# Description of the task
Give the data again, word for word.

Material for this task Start Marker

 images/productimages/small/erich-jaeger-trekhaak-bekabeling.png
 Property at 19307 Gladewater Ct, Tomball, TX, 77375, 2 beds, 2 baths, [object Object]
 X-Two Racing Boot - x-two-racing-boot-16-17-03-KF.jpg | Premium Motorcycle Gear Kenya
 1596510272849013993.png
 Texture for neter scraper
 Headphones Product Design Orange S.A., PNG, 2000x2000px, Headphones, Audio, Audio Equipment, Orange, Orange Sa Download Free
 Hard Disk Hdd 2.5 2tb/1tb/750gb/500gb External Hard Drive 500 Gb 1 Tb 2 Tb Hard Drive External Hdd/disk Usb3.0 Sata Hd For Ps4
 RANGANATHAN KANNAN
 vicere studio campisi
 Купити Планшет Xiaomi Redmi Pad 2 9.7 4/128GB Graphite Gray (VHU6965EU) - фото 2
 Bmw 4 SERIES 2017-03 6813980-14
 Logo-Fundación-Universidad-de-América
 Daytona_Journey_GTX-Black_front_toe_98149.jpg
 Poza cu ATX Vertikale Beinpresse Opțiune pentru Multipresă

Material for this task End Marker

# Exercise response
 images/productimages/small/erich-jaeger-trekhaak-bekabeling.png
 Property at 19307 Gladewater Ct, Tomball, TX, 77375, 2 beds, 2 baths, [object Object]
 X-Two Racing Boot - x-two-racing-boot-16-17-03-KF.jpg | Premium Motorcycle Gear Kenya
 1596510272849013993.png
 Texture for neter scraper
 Headphones Product Design Orange S.A., PNG, 2000x2000px, Headphones, Audio, Audio Equipment, Orange, Orange Sa Download Free
 Hard Disk Hdd 2.5 2tb/1tb/750gb/500gb External Hard Drive 500 Gb 1 Tb 2 Tb Hard Drive External Hdd/disk Usb3.0 Sata Hd For Ps4
 RANGANATHAN KANNAN
 vicere studio campisi
 Купити Планшет Xiaomi Redmi Pad 2 9.7 4/128GB Graphite Gray (VHU6965EU) - фото 2
 Bmw 4 SERIES 2017-03 6813980-14
 Logo-Fundación-Universidad-de-América
 Daytona_Journey_GTX-Black_front_toe_98149.jpg
 Poza cu ATX Vertikale Beinpresse Opțiune pentru Multipresă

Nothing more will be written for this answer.